### AVAILABLE DATA:

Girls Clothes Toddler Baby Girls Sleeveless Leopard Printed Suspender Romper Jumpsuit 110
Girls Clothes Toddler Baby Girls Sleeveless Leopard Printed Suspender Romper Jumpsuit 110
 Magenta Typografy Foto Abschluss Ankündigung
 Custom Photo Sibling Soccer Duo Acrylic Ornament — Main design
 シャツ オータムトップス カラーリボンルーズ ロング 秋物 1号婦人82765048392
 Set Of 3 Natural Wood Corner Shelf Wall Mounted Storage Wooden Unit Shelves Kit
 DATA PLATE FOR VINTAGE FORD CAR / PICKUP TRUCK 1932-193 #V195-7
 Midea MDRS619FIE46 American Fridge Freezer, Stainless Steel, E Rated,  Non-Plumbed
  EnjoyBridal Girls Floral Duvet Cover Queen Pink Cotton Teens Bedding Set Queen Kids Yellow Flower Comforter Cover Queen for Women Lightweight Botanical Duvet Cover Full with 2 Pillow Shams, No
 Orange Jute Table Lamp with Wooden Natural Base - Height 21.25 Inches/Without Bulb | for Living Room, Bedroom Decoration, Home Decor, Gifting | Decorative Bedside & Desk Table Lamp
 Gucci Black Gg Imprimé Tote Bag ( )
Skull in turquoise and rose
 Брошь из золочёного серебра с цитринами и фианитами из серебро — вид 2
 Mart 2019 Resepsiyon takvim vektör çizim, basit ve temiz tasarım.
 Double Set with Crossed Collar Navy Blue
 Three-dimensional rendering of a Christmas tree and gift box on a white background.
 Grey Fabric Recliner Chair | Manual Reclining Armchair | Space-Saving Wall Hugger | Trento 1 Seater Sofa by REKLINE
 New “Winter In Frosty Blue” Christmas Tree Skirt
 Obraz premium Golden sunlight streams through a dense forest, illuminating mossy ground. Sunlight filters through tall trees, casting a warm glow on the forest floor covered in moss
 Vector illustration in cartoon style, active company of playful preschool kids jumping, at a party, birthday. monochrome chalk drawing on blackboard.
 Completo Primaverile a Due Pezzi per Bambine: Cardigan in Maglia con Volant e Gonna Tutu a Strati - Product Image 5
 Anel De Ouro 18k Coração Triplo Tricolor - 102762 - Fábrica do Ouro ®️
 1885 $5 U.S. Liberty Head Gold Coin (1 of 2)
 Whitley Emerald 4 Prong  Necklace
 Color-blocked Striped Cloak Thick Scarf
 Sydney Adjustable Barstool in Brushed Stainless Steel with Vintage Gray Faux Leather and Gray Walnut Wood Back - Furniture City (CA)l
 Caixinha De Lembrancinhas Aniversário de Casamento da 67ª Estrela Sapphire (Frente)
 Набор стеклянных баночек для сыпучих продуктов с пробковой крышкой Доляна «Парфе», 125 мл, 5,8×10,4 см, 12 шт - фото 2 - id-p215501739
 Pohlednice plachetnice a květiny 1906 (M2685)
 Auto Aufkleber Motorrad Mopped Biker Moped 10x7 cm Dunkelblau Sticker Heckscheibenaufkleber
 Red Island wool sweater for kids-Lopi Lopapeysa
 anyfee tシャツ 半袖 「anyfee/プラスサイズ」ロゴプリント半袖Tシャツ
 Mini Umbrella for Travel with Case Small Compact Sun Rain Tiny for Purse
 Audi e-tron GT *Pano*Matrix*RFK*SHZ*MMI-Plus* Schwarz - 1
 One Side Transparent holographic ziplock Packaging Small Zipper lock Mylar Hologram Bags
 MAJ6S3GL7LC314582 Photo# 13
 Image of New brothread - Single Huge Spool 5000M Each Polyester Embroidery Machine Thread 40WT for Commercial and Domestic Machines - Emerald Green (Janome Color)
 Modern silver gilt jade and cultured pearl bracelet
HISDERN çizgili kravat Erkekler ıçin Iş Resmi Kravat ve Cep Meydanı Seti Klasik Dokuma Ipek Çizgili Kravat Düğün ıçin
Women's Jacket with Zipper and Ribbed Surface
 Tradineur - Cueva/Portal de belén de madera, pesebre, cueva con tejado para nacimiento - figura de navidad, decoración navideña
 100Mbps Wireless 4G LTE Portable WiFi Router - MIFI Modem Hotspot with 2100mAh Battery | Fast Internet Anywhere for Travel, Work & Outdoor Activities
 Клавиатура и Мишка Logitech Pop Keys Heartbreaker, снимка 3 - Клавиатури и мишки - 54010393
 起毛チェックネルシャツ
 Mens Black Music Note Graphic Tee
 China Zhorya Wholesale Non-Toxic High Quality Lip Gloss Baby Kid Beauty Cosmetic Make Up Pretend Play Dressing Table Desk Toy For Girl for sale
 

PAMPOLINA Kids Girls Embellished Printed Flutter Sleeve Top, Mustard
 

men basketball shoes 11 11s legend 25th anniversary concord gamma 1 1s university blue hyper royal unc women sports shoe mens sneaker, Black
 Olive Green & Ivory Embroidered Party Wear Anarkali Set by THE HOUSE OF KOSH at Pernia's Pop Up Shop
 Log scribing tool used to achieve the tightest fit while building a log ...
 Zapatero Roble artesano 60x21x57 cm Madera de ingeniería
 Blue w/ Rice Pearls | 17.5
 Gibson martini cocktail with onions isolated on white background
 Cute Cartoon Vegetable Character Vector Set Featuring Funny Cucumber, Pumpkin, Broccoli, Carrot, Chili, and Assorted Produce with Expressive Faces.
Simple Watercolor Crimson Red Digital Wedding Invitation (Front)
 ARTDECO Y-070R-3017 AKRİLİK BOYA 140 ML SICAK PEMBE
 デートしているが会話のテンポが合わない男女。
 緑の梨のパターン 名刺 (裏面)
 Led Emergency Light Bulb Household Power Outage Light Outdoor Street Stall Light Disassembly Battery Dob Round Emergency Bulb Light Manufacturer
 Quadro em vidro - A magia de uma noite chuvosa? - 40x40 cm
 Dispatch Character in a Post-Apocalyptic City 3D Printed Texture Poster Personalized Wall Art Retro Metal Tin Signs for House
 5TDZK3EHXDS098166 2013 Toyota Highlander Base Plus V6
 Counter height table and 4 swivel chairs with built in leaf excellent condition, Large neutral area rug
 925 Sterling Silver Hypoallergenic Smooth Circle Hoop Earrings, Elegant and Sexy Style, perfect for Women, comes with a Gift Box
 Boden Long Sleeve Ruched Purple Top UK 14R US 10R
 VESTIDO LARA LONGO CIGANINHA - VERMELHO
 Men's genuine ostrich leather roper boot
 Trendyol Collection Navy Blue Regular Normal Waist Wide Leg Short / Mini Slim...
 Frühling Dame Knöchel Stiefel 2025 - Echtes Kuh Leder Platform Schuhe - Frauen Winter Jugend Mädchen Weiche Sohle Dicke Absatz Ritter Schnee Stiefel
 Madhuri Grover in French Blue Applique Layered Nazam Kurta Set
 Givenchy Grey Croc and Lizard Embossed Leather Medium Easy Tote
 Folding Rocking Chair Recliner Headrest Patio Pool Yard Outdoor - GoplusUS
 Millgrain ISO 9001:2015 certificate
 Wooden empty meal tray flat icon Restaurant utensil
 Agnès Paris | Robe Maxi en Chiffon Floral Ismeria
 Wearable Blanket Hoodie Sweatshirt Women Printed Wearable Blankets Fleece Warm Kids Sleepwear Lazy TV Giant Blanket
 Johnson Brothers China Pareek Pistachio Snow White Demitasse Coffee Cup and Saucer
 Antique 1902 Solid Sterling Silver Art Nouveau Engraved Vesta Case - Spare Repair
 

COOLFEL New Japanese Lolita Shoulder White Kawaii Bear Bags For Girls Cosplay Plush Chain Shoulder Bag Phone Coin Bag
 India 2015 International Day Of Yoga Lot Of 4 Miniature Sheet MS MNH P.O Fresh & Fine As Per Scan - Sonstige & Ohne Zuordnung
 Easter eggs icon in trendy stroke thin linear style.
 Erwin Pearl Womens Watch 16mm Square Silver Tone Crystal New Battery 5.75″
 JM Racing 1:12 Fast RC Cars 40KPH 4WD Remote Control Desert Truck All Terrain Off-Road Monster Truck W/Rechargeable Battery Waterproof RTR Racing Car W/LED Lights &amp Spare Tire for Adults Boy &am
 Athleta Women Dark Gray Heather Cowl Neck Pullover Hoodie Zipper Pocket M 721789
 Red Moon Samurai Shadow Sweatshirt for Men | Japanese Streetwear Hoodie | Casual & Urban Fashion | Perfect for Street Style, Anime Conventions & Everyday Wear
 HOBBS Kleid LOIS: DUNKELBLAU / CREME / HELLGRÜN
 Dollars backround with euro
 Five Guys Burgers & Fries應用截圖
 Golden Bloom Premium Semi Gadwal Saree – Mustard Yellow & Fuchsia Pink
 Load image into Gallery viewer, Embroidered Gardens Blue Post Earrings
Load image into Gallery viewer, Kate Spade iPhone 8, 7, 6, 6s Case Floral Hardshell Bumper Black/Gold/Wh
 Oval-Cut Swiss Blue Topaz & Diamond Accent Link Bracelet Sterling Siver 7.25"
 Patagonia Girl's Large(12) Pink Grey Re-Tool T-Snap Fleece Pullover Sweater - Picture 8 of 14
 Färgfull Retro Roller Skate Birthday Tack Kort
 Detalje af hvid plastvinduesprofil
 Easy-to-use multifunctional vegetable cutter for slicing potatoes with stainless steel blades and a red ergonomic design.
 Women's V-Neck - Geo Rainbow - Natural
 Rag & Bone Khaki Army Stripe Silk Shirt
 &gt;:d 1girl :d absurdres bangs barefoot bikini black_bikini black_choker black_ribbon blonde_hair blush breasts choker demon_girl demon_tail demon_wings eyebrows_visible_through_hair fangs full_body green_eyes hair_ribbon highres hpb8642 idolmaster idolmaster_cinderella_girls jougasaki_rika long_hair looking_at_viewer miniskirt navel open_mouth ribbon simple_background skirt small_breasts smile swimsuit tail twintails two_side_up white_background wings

### PROMPT:
Among the records above, repeat exactly the line with "Millgrain ISO 9001:2015 certificate", the line with "Wearable Blanket Hoodie", and every line in between, and only those.

### SOLUTION:
 Millgrain ISO 9001:2015 certificate
 Wooden empty meal tray flat icon Restaurant utensil
 Agnès Paris | Robe Maxi en Chiffon Floral Ismeria
 Wearable Blanket Hoodie Sweatshirt Women Printed Wearable Blankets Fleece Warm Kids Sleepwear Lazy TV Giant Blanket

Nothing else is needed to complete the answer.